The finished copy must match the records exactly, except that it contains no pictures.

-- Opening Marker --

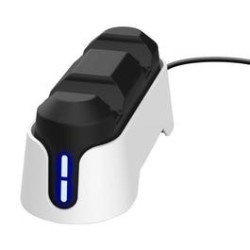 Trust GXT 255W soporte de carga rapida para mandos de PS5 blanco - 25597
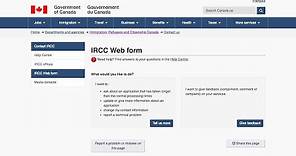 IRCC Webform/CIC Webform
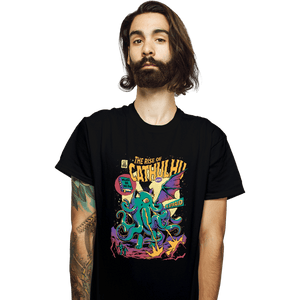 Daily_Deal_Shirts T-Shirts, Unisex / Small / Black The Rise Of Cathulhu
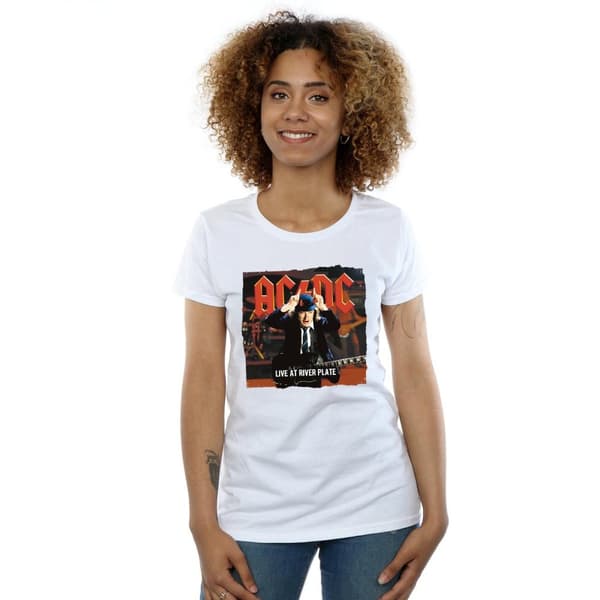 AC/DC Womens/Ladies Live At River Plate Columbia Records Cotton T-Shirt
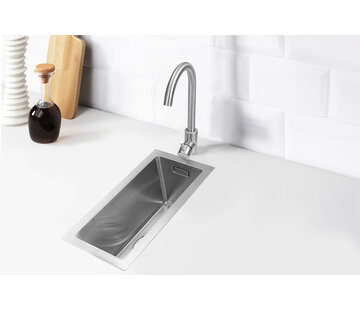 Nurion Nurion Spoelbak RVS 22 x 44 – Spoelbak Keuken - Spoelbakken Keuken – Wasbak Keuken - zonder Kraangat RVS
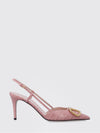vlogo signature crocodile print leather slingback pumps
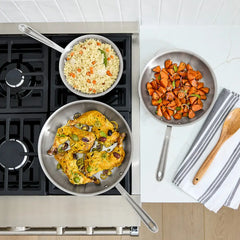 D5 Stainless Brushed 5-ply Bonded Cookware Set, 10 piece Set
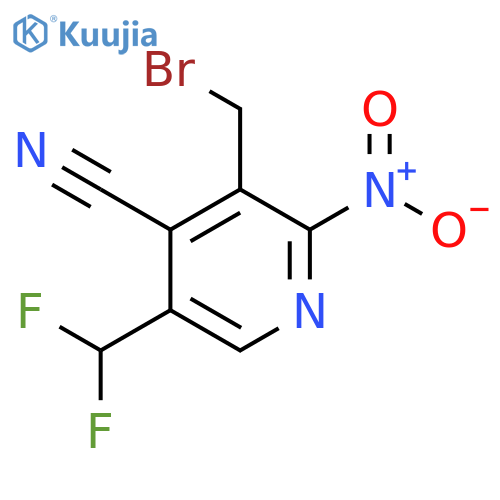 3-(Bromomethyl)-4-cyano-5-(difluoromethyl)-2-nitropyridine structure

-- Closing Marker --

__Answer to this problem__:
 Trust GXT 255W soporte de carga rapida para mandos de PS5 blanco - 25597
 IRCC Webform/CIC Webform
 Daily_Deal_Shirts T-Shirts, Unisex / Small / Black The Rise Of Cathulhu
 AC/DC Womens/Ladies Live At River Plate Columbia Records Cotton T-Shirt
 Nurion Nurion Spoelbak RVS 22 x 44 – Spoelbak Keuken - Spoelbakken Keuken – Wasbak Keuken - zonder Kraangat RVS
vlogo signature crocodile print leather slingback pumps
 D5 Stainless Brushed 5-ply Bonded Cookware Set, 10 piece Set
 3-(Bromomethyl)-4-cyano-5-(difluoromethyl)-2-nitropyridine structure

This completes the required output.